The task:
In the data below, find the line containing "Used 2018 Ford", then set down that line and every later line up to and including the line containing "Day of Development", exactly.

Data provided START

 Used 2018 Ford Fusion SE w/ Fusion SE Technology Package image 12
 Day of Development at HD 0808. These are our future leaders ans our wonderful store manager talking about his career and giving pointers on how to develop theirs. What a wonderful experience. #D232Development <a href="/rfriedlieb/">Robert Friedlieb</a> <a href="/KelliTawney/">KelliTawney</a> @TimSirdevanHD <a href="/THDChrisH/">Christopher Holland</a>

Data provided END
Data provided START

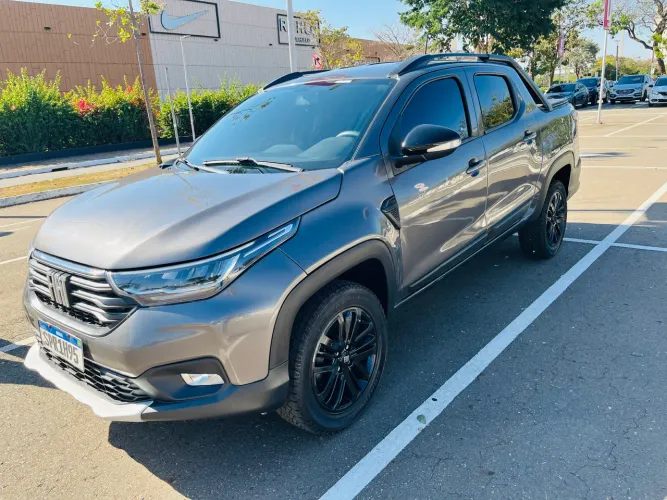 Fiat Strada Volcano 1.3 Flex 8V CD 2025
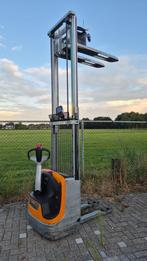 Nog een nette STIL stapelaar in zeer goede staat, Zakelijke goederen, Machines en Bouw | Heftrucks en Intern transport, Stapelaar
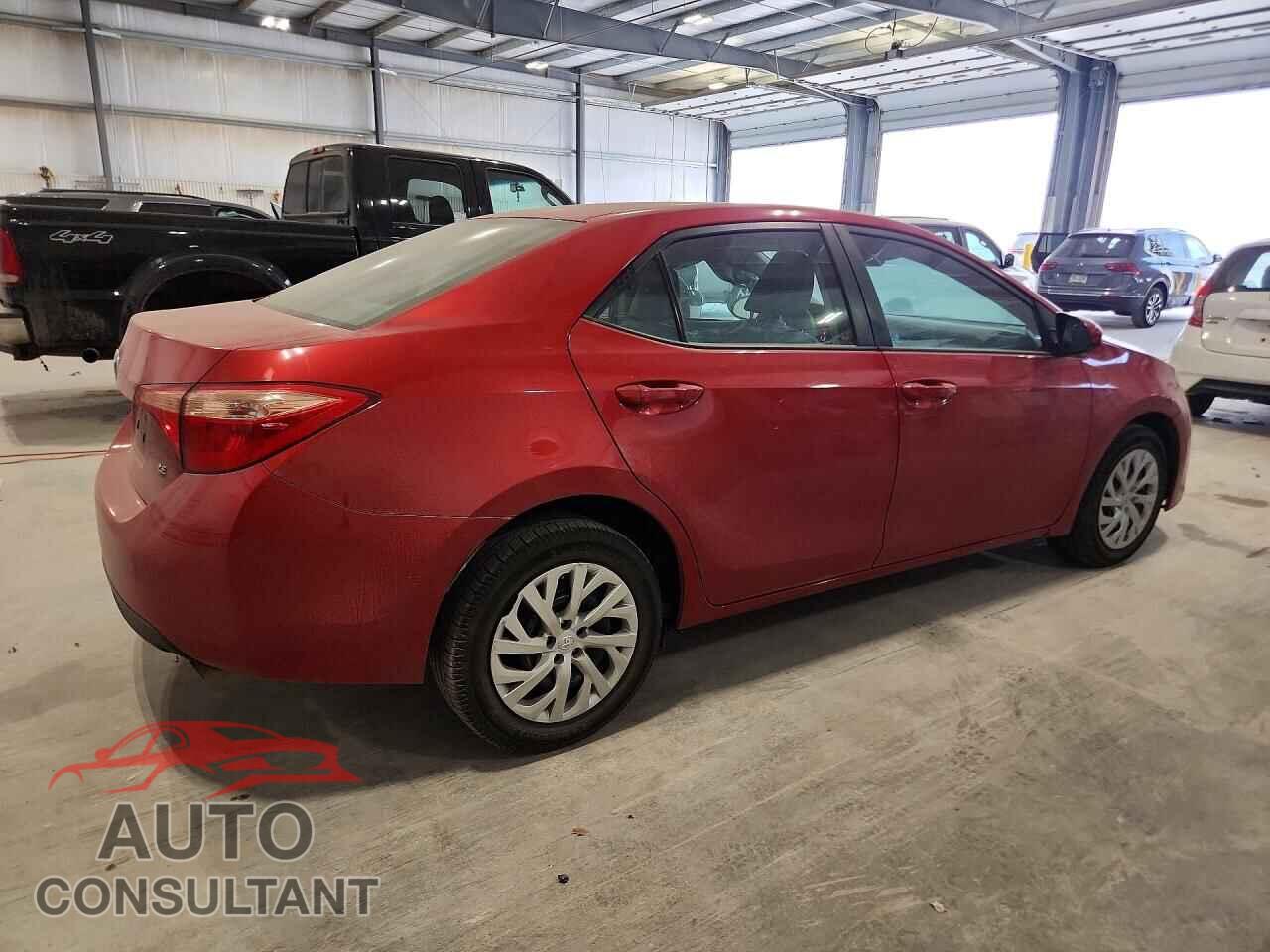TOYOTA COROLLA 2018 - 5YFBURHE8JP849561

Data provided END

Answer to this exercise:
 Used 2018 Ford Fusion SE w/ Fusion SE Technology Package image 12
 Day of Development at HD 0808. These are our future leaders ans our wonderful store manager talking about his career and giving pointers on how to develop theirs. What a wonderful experience. #D232Development <a href="/rfriedlieb/">Robert Friedlieb</a> <a href="/KelliTawney/">KelliTawney</a> @TimSirdevanHD <a href="/THDChrisH/">Christopher Holland</a>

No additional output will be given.